Given information:
________________________

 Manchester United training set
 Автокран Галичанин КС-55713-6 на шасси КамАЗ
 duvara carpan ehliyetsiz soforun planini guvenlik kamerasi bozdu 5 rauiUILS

________________________

Brief: Reproduce the material above in full, exactly.

Solution to the problem:
 Manchester United training set
 Автокран Галичанин КС-55713-6 на шасси КамАЗ
 duvara carpan ehliyetsiz soforun planini guvenlik kamerasi bozdu 5 rauiUILS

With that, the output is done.